Visceral hypersensitivity is the main driver of abdominal pain in relation to irritable bowel syndrome (IBS), which may be associated with various factors (Pusceddu and Gareau, 2018; Sengupta, 2009). Recently, considerable attention has been given to the role of enteric glial cells (EGCs) and the secretory mediators of the enteric nervous system (ENS) in the visceral hypersensitivity response to IBS.

EGCs are a prominent component of the ENS. Upon alteration of the gastrointestinal environment, EGCs are activated, calcium-binding protein S100β and glial fibrillary acidic protein (GFAP) expression is upregulated, and substance P (SP) is released and expressed to participate in visceral hypersensitivity (Grubišić and Gulbransen, 2017; Wang et al., 2016). This state of EGCs is referred to as the reactive EGC phenotype. In addition, calcitonin gene-related peptide (CGRP) and transient receptor potential vanilloid 1 (TRPV1) are also closely associated with visceral hypersensitivity in relation to IBS (Akbar et al., 2008; Shi et al., 2015).

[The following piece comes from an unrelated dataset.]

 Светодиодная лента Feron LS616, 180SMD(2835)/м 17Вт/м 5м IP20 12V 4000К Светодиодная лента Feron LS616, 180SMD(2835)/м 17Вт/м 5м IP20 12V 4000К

Considerable evidence supports the concept of a local tissue or cellular renin–angiotensin–aldosterone system (RAAS) (Karnik et al., 2015; Obukhov et al., 2020). Some studies have shown that the local RAAS can be involved in inflammation and pain (Bali et al., 2014; Karnik et al., 2015). Ang II mainly binds with high affinity to Ang II type 1 (AT1) receptor to generate inflammatory responses and reactive oxygen species (Xu et al., 2017) and participates in nociception (Hegazy et al., 2020a). Ang II has been shown to co-localize with AT1 receptor, SP, CGRP, and TRPV1 in the dorsal root ganglion (DRG) (Anand et al., 2015; Patil et al., 2010), which provides strong evidence supporting the involvement of Ang II binding to AT1 receptor in nociception. AT1 receptor activation in spinal dorsal horn neurons and astrocytes causes activation of the mitogen-activated protein kinase (MAPK) pathway, which is involved in spinal pain transmission (Nemoto, 2018; Ogata et al., 2016). AT1 receptor blockers or angiotensin-converting enzyme 1 (ACE1) inhibitors, on the other hand, can prevent and relieve pain (Bali et al., 2014; Marques-Lopes et al., 2009).

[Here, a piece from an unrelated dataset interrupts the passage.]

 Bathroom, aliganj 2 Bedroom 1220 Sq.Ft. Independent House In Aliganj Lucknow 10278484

Losartan (Los) is a selective AT1 receptor blocker with significant anti-inflammatory effects (Kalynovska et al., 2020; Yamamoto et al., 2015). Whereas inflammation may contribute to the induction and maintenance of pain, studies have shown that Los may attenuate colonic injury by inhibiting pro-inflammatory cytokine production in the colonic mucosa (Shi et al., 2016). Several studies have demonstrated the presence of Ang II and AT1 receptor in the ENS, that Ang II excites neurons in the myenteric and submucosal plexuses (Wang et al., 2005). However, the role of the ACE1/Ang II/AT1 receptor axis in EGC activation and visceral hypersensitivity in IBS is unclear.

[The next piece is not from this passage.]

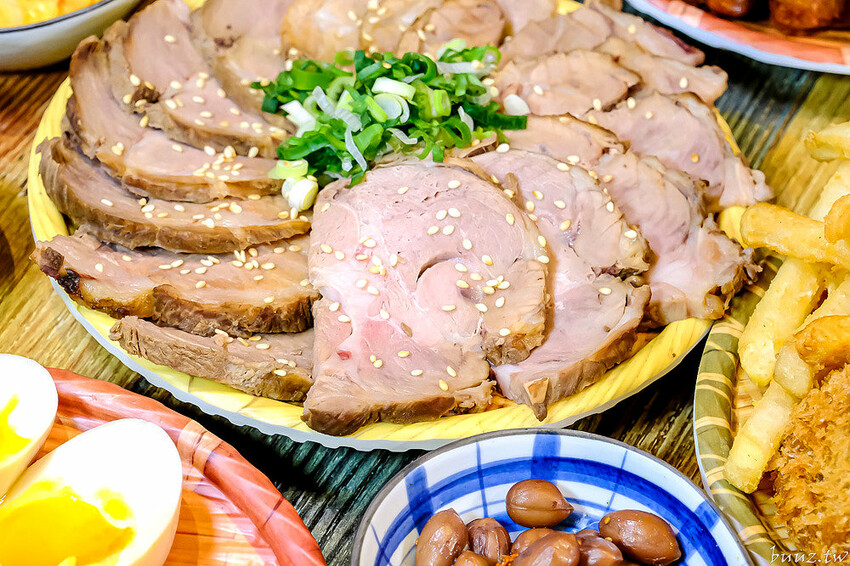 山禾堂拉麵吃到飽，滿滿叉燒糖心蛋拉麵，叉燒、炸雞、小菜配料任你點，不用起身吃飽吃滿有夠嗨！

Therefore, we hypothesized that the ACE1/Ang II/AT1 receptor axis may interact with EGCs to participate in IBS visceral hypersensitivity and that Los may improve IBS visceral hypersensitivity by modulating the ACE1/Ang II/AT1 receptor axis to inhibit EGC activation. We explored the mechanism involving Los intervention in an acetic acid enema-induced IBS rat model and lipopolysaccharide (LPS)-induced EGCs in vitro experiments.